Ney — Eu morri. Depois do que passei, comecei a ver a importância das coisas pequenas. Tomar banho sozinho, pegar um copo d’água. Perdi os movimentos. Tenho 1,80 metro e 82 quilos, cheguei a pesar 40. Não deixei ninguém me visitar. Hoje, mexer a colher no cafezinho é uma vitória. Pedi ao Edi Botelho, meu grande amigo, que trouxesse uma VEJA, e folheava a revista usando a língua. Agora tudo é uma vitória. Quando estava me recuperando, o Luiz Fernando Carvalho, diretor que nunca olhou para mim, convidou-me para trabalhar, e fizemos o especial Alexandre e Outros Heróis. Na trama, fiz uma cena em que saía da água e gritava: “Mãe, eu voltei!”. Um ano depois estava em Nova York disputando o Emmy. Como a vida é louca!

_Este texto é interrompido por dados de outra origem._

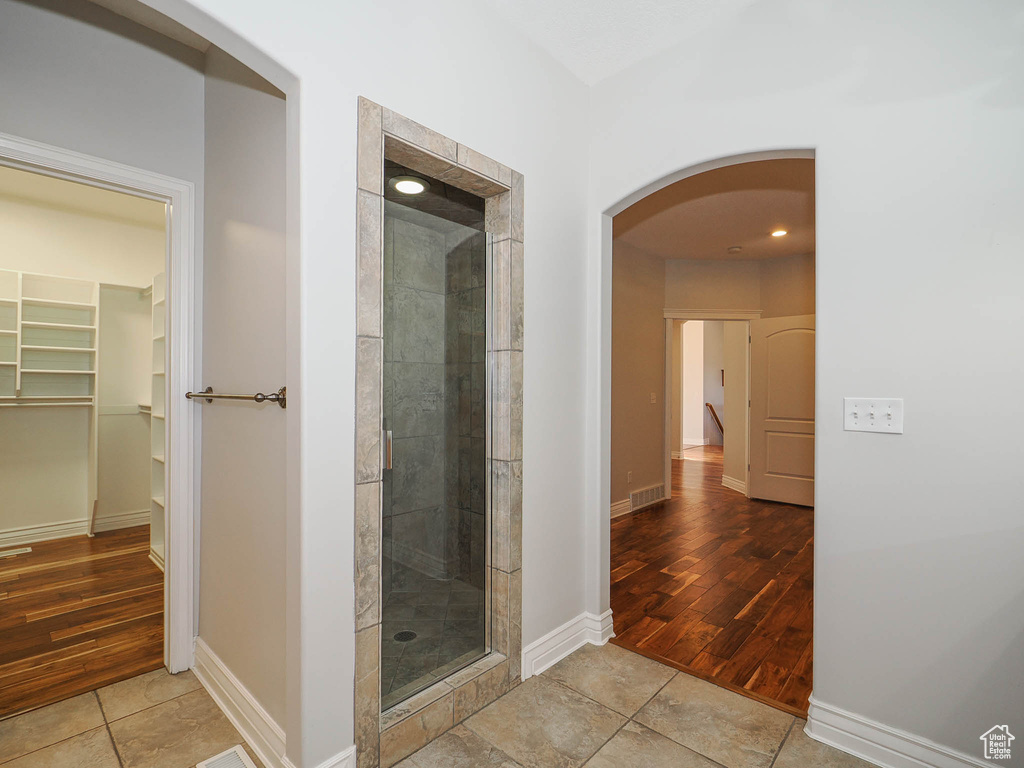 Bathroom featuring an enclosed shower and tile flooring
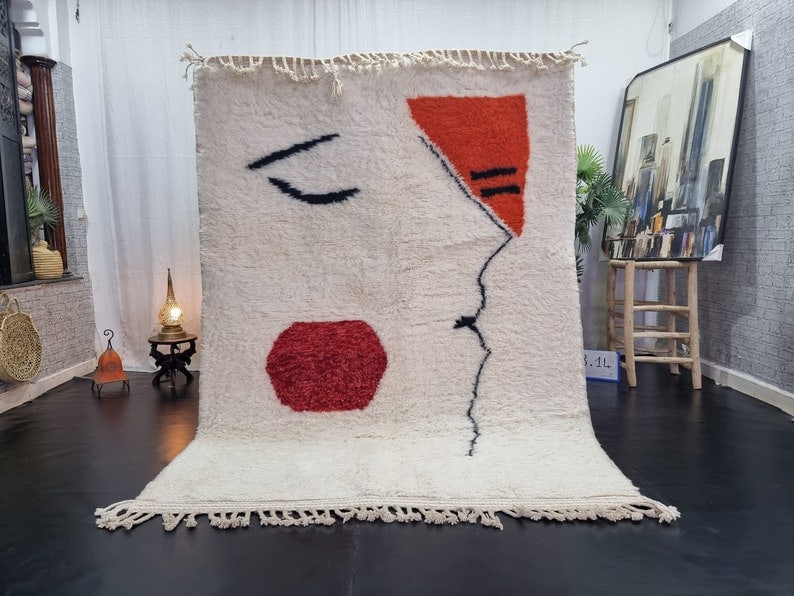 Handmade White Moroccan Berber Wool Area Rug 8 x 5 Feet: Handmade White Moroccan Berber Wool Area Rug 8 x 5 Feet Enhance your space with this Artistic Soft White Handmade Moroccan Berber Wool Area Rug. Skillfully handwoven by local Berber women in the Atlas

Nanini — Seus valores mudaram?
Ney — Eu não sabia que era tão amado. Tomei muitas anestesias até descobrirem o que eu tinha, o que demorou muito.
Nanini — É bom, né? Eu adoro tomar anestesia.
Ney — Quando a gente volta da anestesia, existe um código para saber se você está bem. Eu precisava dizer o nome do meu médico, Marcelo. Já sabendo disso, um dia decidi dizer “Alinne”.
Nanini — Por que Alinne?
Ney — Alinne Moraes, adoro ela! Eles ficaram desesperados. (risos)
60 anos
Nanini — Quando fiz 60 anos, encontrei o Galpão Gamboa e comprei um sítio. O Galpão abriu meu horizonte profissional. Conheci artistas, passamos a trabalhar juntos e descobri um novo universo. A natureza também me deu sobrevida, fôlego. Viver é cansativo, né? Chega uma hora em que a gente tem de ir embora. Só queria saber se tem algo interessante depois.
Ney — Por isso você perguntou sobre a época em que fiquei doente! (risos)
Fama
Ney — Houve uma época em que eu estava em todas. Um arroz de festa. Comecei a esquecer minha profissão e virei uma pessoa deslumbrada.
Nanini — Isso tem a ver com fama?
Ney — Fama é passar na rua e as pessoas gritarem: “Olha lá seu Neyla! (risos) Quando caminho na Lagoa, com minhas amigas capivaras, não gosto que me parem para fazer selfie. Tenho um ritmo, depois que parar, tudo bem. Também não gosto que interrompam quando estou comendo. Fora isso, sou atencioso com fãs. Sempre quis ser uma estrela.
Nanini — Fama tem a ver com estrela?
Ney — Meu pai e minha mãe trabalhavam em cassino. Quando os cassinos fecharam, eles ficaram em uma situação muito ruim. Morei com eles em lugares bem humildes e comecei a trabalhar muito cedo para ajudá-los. Era entregador de marmita na Prado Júnior. Estudei muito, fiz vários espetáculos, mas só no dia em que saí na capa da revista Amiga eles reconheceram que eu estava fazendo sucesso.
Nanini — Hoje, o que é a fama para você?
Ney — Nada. Acabou. Claro que gosto de tirar foto, dar entrevista. Quando a pessoa certa me elogia, fico feliz. Hoje passou uma menina de bicicleta por mim e disse: “Grande Ney!”. Fiquei muito feliz.
Nanini — Você não acha que o público é infiel?
Ney — Sim! Não tem memória.
Nanini — Você se preocupa com dinheiro?
Ney — Filho de pobre sofre desse trauma. Pago tudo com antecedência.
Nanini — Tem reservas para o futuro? Tem dinheiro aplicado?
Ney — Tenho, sempre tive essa preocupação.
Nanini — Você é a formiga, né? Eu acho que sou a cigarra!